How Can I Increase Channel Revenue When My Channel Managers Are Already So Busy?

by Oct 9, 2017Channel Management

Driving revenue through the channel is hard.  Because the channel partners don’t actually work for the vendor, many vendor channel managers and channel executives seem to take a less structured approach to revenue achievement planning.  They seem to follow the “if we build it they will come” approach, spending more time worrying about their partner program and associated benefits than about creating a typical sales accountability culture.

We can’t drive predictable, consistent revenue through the channel if we don’t hold each channel manager accountable for developing and executing a reasonable plan on how they will achieve the assigned revenue objectives with the assigned portfolio of partners.  We need channel managers to take a thoughtful, analytical approach to determine which partners can produce what kind of revenue and with what required assistance.  It should be no different than what we expect from a named-account or territory sales rep in terms of a “quota achievement plan”.

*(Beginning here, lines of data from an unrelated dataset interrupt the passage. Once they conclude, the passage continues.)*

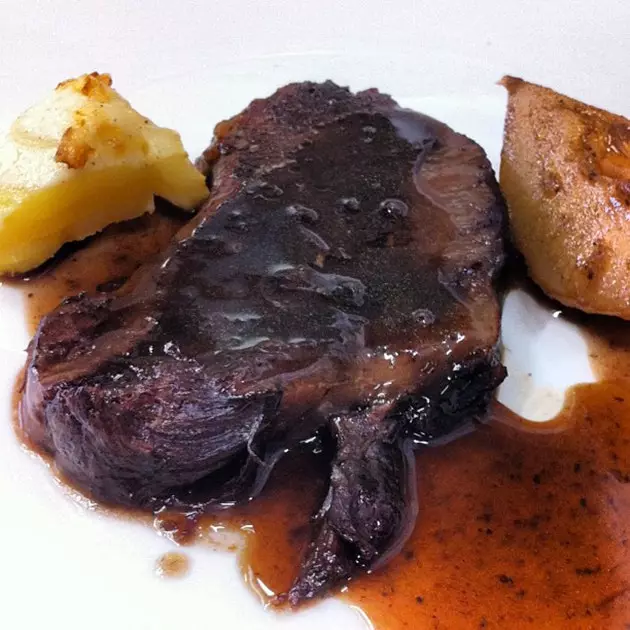 Cascajares Ox cheek კარტოფილით და მსხლის გრატინით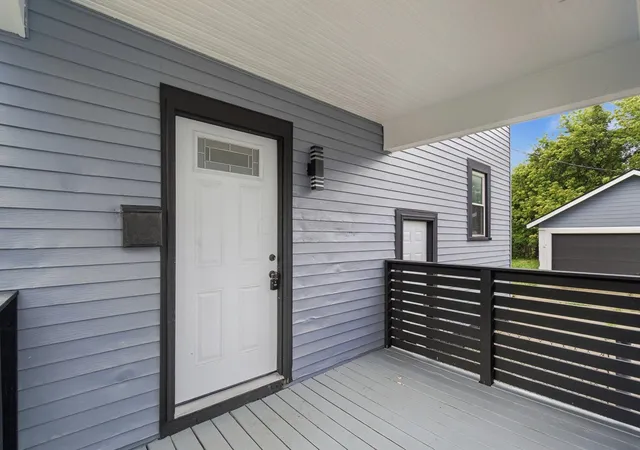 3rd image of 575 Wiltshire Rd, Columbus, OH 43204 | MLS# 226031178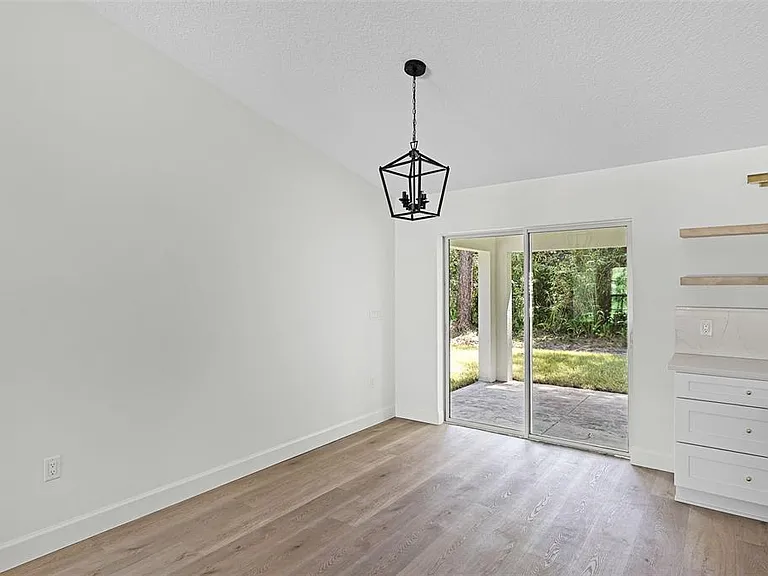 320 Kenora Dr — Photo 7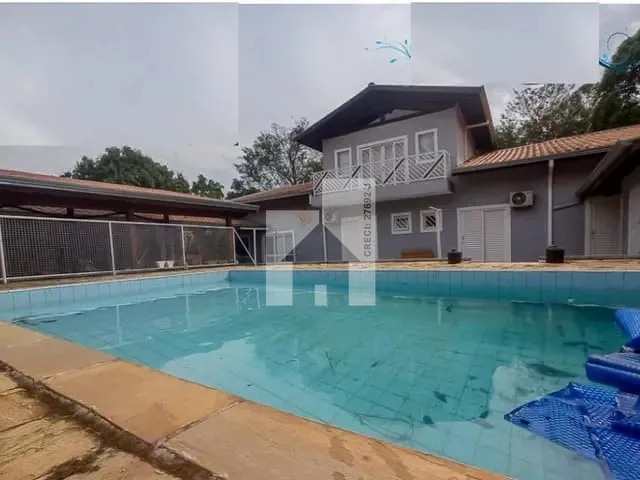 Casa com 1000m² 3 quartos e 5 banheiros, à venda, no bairro Jardim Celeste em Jundiaí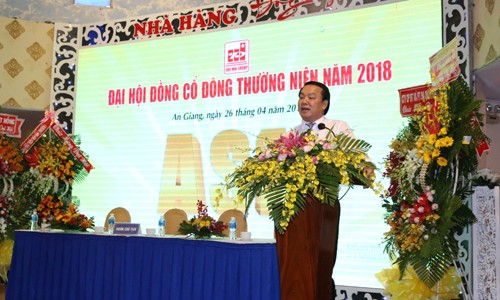 Ông Lê Thanh Thuấn - Chủ tịch Tập đoàn Sao Mai phát biểu tại Đại hội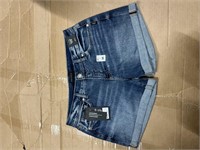 size 30 solve jeans women Britt shorts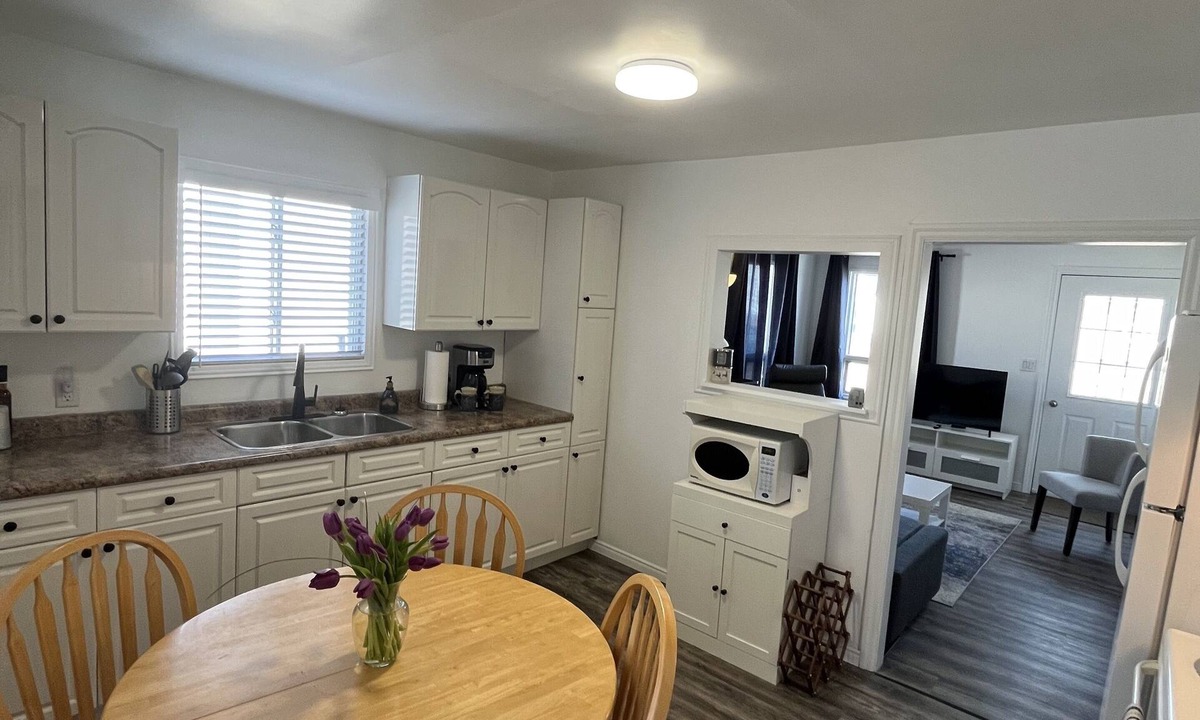 Wawa House | Renovated home in central Wawa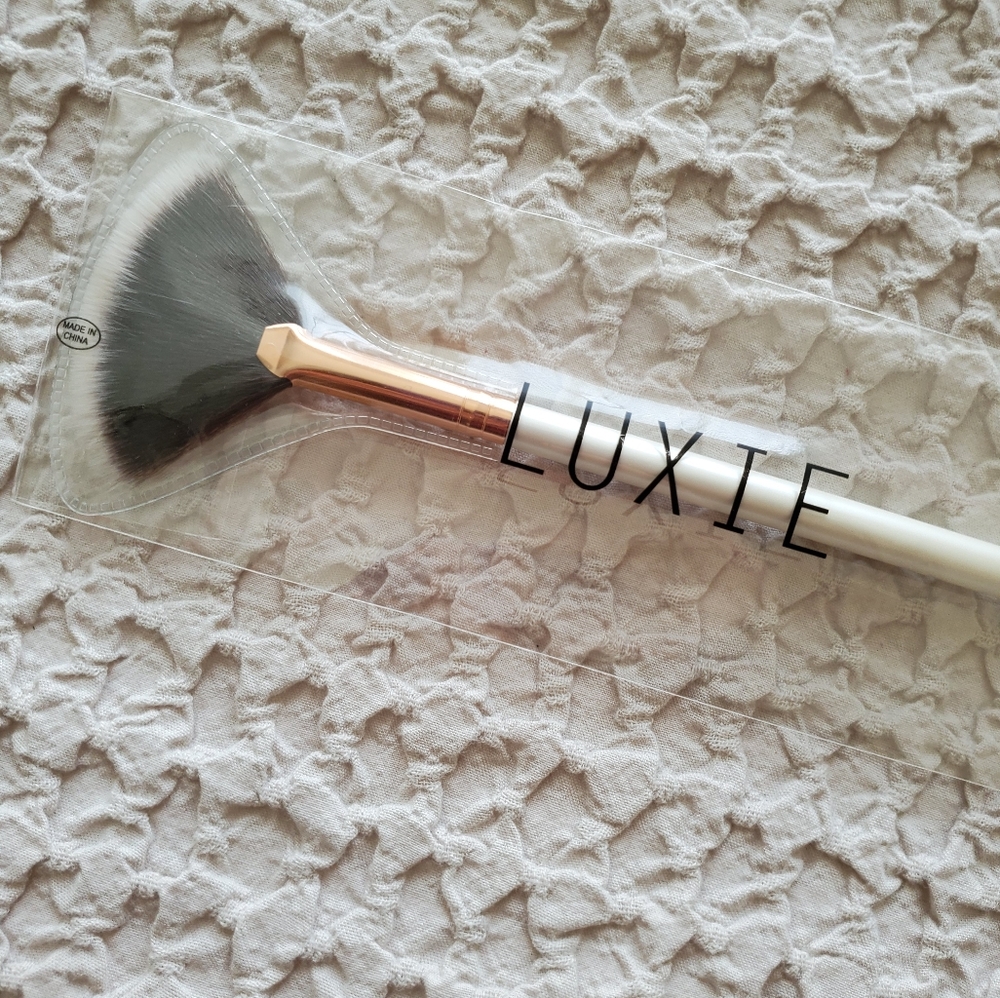 Luxie Beauty Fan Brush 560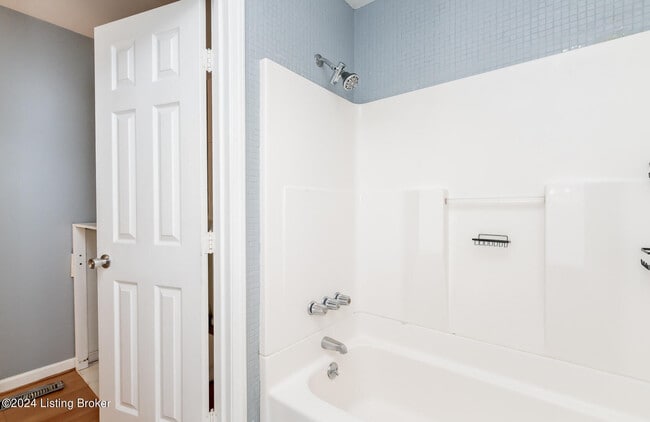 Building Photo - 120 Franklin Ave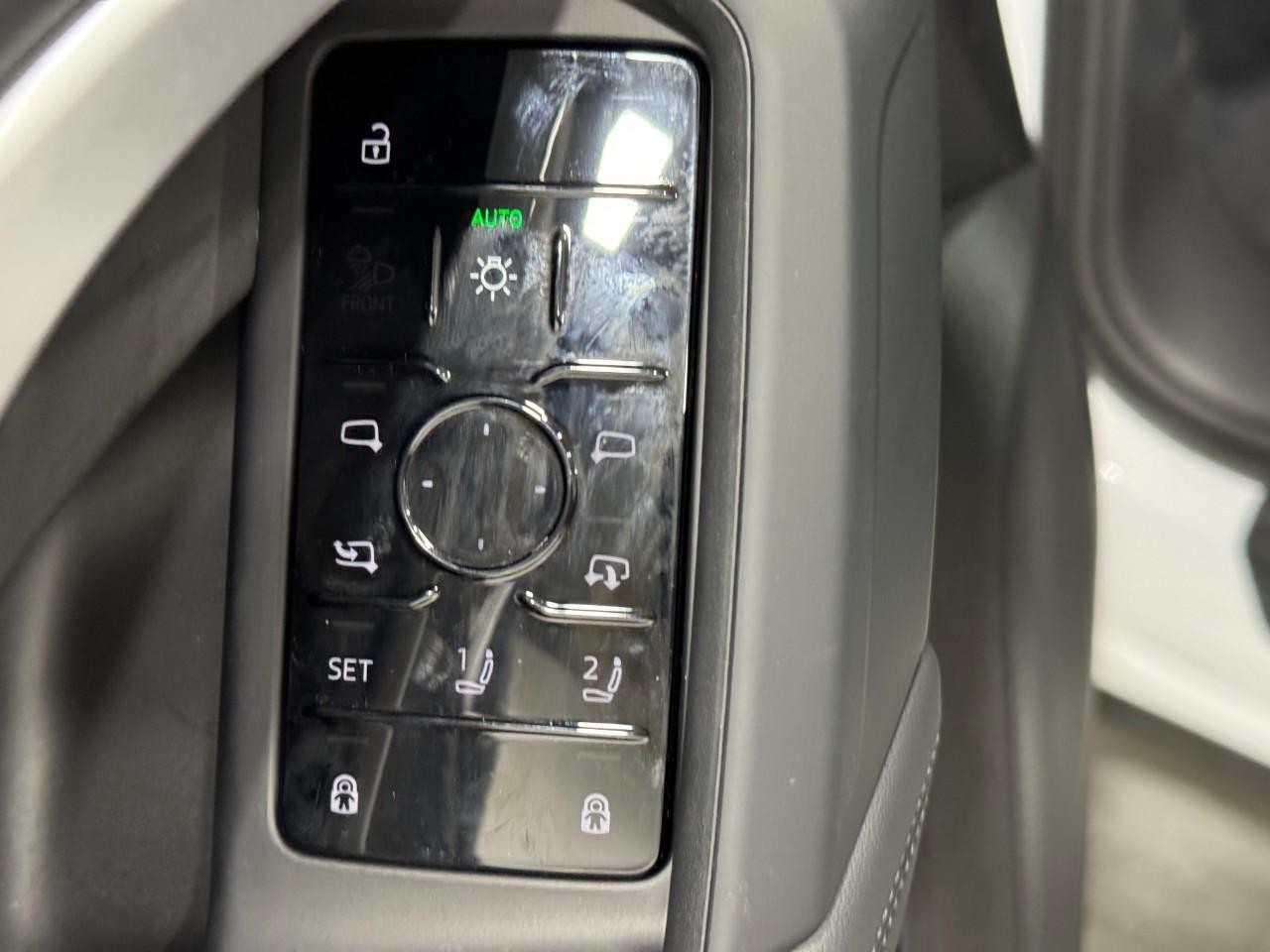 Audi Q5 Vehicle Full-screen Gallery Image 21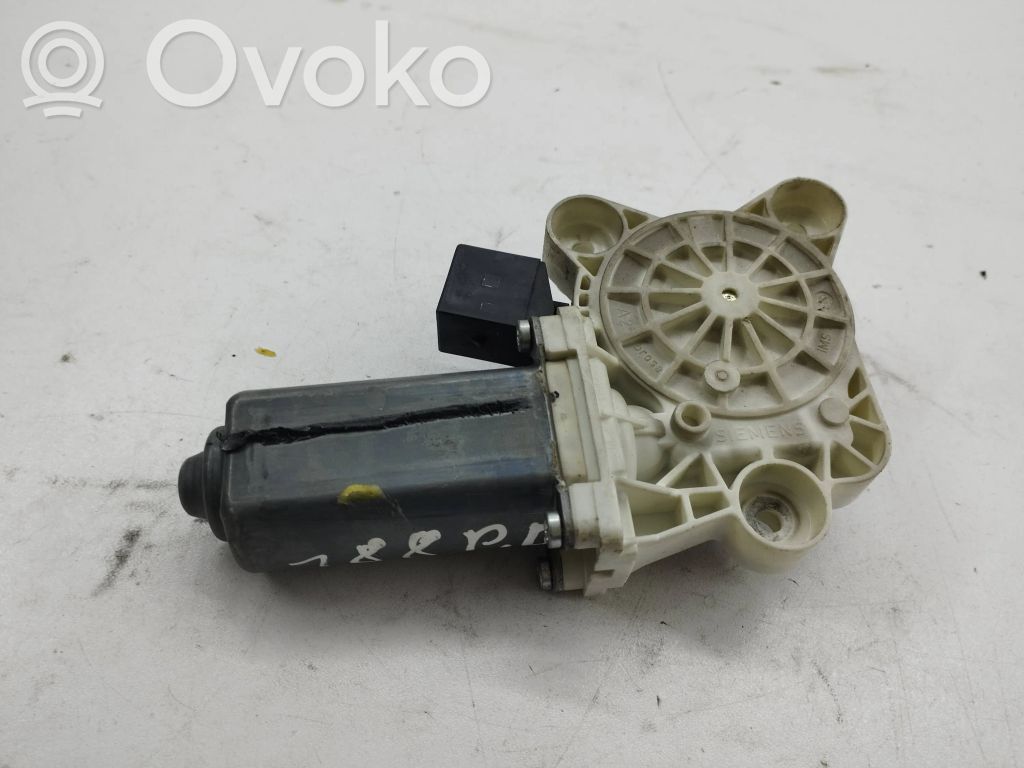Mercedes-Benz CLC CL203 Silnik regulatora szyby drzwi przednich 
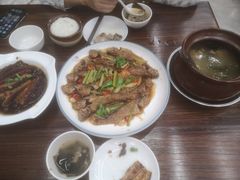 -民间瓦缸煨汤館(嵩山路店)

At the top of that achievement plan is an admission that few channel managers want to make:  how much revenue is each of my partners going to produce whether I show up for work or not?  Our self-promoting alter-egos want to demand that our partners couldn’t possibly produce anything without us; but the reality is that the vast majority of channel partners are quite capable and produce more than we’d care to admit without us.  The best channel managers however, are able to clinically identify which partners produce adequate revenue with little or no assistance in order to spend time and effort with other partners where they can have the biggest impact on revenue production.

A channel manager’s achievement plan details their portfolio production capacity and where they have expected performance gaps.  The plan should identify what kind of engagement strategy they intend to pursue with each partner in order to maximize the portfolio growth and revenue production.  In which partners will they heavily invest for both current and future exponential growth?  In which partners will they invest just enough to maintain a reasonable revenue production?  And in which partners will they only invest opportunistically as the situation requires?

The channel manager role is not one of “perfection”; it is one of balance and leveraged investment.  The channel manager needs to approach their portfolio and achievement plan much like a manager approaches a team of individual contributors:  identifying which team members require what kind of assistance, and leveraging their management efforts where the return can be most impactful.  When channel managers are honest about where their efforts have true impact, they can build a much more effective achievement plan that directs their daily efforts towards meaningful impact.

What does your organization require in terms of achievement plans from Channel Managers?